2.2. Deep Learning for Traffic Time Series Forecasting

Subsequently, DL has prevailed in correlated time series forecasting because of its superior ability to model complex functions and exploit underlying features without tricky feature engineering [26,27]. The capacity empowers traffic prediction to serve a vital role in ITS (e.g., driving decisions/services [28]). Previously, Lv et al. [29] confirmed that DL is effective for traffic prediction. Moreover, technically, DL models include those deep architectures formed by stacking several basic learnable blocks or layers and a series of related application paradigms have been developed and deployed. Ma et al. [30] first proposed a capsule network incorporating a nested LSTM for traffic state forecasting. Gu et al. [31] built the two-layer fusion DL (FDL) model combining LSTM and GRN to predict the traffic speeds of lanes. However, the potential of the RNN-based approaches is far from being adequately exploited. Except for sequential modeling, studies increasingly prefer to model historical data from temporal and spatial perspectives. As Zhao et al. [7] developed a temporal GCN (T-GCN) for capturing spatial and temporal dependencies. Fang et al. [32] proposed a meta-learning-based multi-source spatial-temporal network (Meta-MSNet) to model spatiotemporal characteristics of multi-source traffic data (e.g., weather, holiday notification). Graph WaveNet [4] integrated GCN with dilated causal convolution for saving the computational cost of dealing with long sequences. Moreover, Li et al. [33] built the dynamic graph convolutional recurrent network (DGCRN) which generated the dynamic adjacency matrices and extracted features from node attributes. Bai et al. [3] established the adaptive GCRN (AGCRN) for automatically capturing the node-specific spatial-temporal dependencies. Besides, like graph multi-attention network (GMAN) [34], they combined the attention mechanism with GCN to obtain more dynamic dependencies of traffic data.

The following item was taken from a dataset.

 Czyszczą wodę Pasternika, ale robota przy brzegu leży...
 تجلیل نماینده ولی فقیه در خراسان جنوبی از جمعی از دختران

2.3. Spatial-Temporal Modeling Using Incomplete Dataset

Most of the forecasting studies either delete incomplete data blocks or simply repair them via using interpolation models, but the removal of redundant data or unsatisfactory filling may induce a possible over-fitting [5]. A few models accomplished the prediction tasks along with data recovery. Cui et al. [10] developed the stacked bidirectional and unidirectional LSTM (SBU-LSTM) method with an imputation mechanism for network-wide traffic data repair and forecasting. However, this architecture inherently lacked the capability to extract spatial feature and so it failed to further enhance its overall performance. Matrix Factorization has been employed for traffic sequence recovery and prediction thanks to its approximation ability during the factorization process. Chen et al. [17] built a Bayesian temporal factorization (BTF) model by integrating a VAR layer into a Bayesian probabilistic matrix/tensor factorization algorithm to enable the forecasting and recovery of missing data. In the field of structural health monitoring (SHM), Ren et al. [35] established the incremental Bayesian matrix/tensor learning model for effective repair and response prediction of spatial-temporal data. Chen et al. [36] proposed a low-rank autoregressive tensor completion (LATC) framework, which introduced the temporal variation as the regularization term but overlooked the spatial factor. So far, despite the existence of a few models for time series recovery and prediction, the current methods still lack in-depth modeling of spatial-temporal data, especially for the residuals at the modeling stage. In this study, we propose a novel spatial-temporal factorization model ST-CRMF with residual learning for accurate forecasting and imputation of historical time series.

3. Methodology

3.1. Preliminaries

In this study, we focus on formulating a nonlinear fitting function

f_{θ}

with partially historical series collected from a sensor network for traffic time series prediction over a certain time interval. One of the traffic variables can be speed, flow, and density, but it refers to traffic speed in our experiment. We first describe the symbolic representation of variables and relevant concepts in detail and then give a formal problem definition. Figure 1 shows the illustration of multivariate time series forecasting.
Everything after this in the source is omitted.